2 triangles, 1 rear naked, 1 side choke, and an armbar. Sorry if no one really cares, but this is the first time I have gone the whole night without losing and no one I work with is interested in this stuff so I have to brag to someone.


----------



## ace (Oct 25, 2002)

Keep Training Sounds like U are doing good.
:cheers:


----------



## jfarnsworth (Oct 25, 2002)

Good job. I would like to get more time on the mat grappling. But my wife, 3 kids would probably have an issue with more martial arts time.  
Jason Farnsworth


----------



## RyuShiKan (Oct 25, 2002)

> _Originally posted by Kenpo_student _
> 
> *2 triangles, 1 rear naked, 1 side choke, and an armbar.
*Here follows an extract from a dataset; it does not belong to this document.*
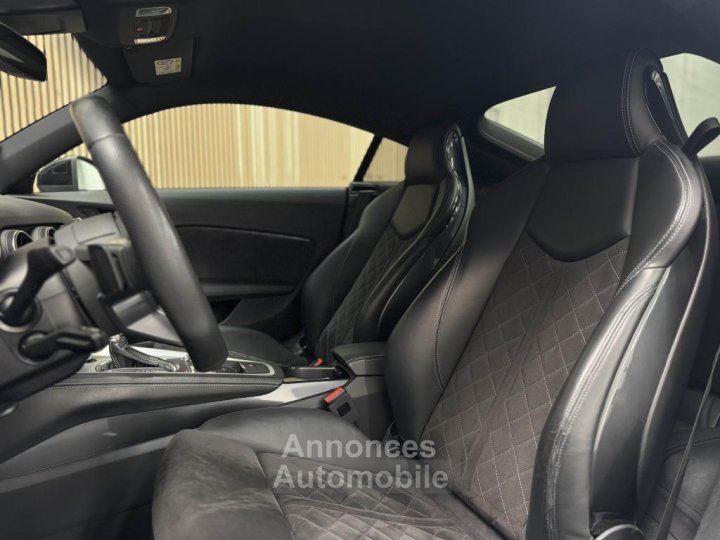 Audi TT 20 TFSI 230 CH BV S-tronic S-Line Compétition - 10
Sorry if no one really cares, but this is the first time I have gone the whole night without losing and no one I work with is interested in this stuff so I have to brag to someone.  *




Good Job.

I know how you feel......my wife and co-workers are clueless as to what MA are.

You sure you're not doing a "Kramer" on us? We're not going to see you standing next to a bunch of 10 year olds in class are we?   (joking)


----------



## kenposcum (Oct 26, 2002)

Ah, the only reason he did so well is because I wasn't there to spank him.
Just kidding, sort of.
:asian:


----------



## ace (Oct 26, 2002)

___________________________-

???
Just Curius


----------



## kenposcum (Oct 26, 2002)

I think so but if not I apologize in advance.
:asian:


----------



## kenposcum (Oct 27, 2002)

Hey, you out there?
:asian:


----------



## ace (Oct 27, 2002)

:lookie:


----------



## kenposcum (Oct 27, 2002)




----------



## Kenpo_student (Oct 28, 2002)

> _Originally posted by kenposcum _
> 
> *I think so but if not I apologize in advance.
> :asian: *



I don't think so but  I am in the Chicago area also. Where are you at city or Burbs?


----------



## kenposcum (Oct 28, 2002)

Burbs.  DG?


----------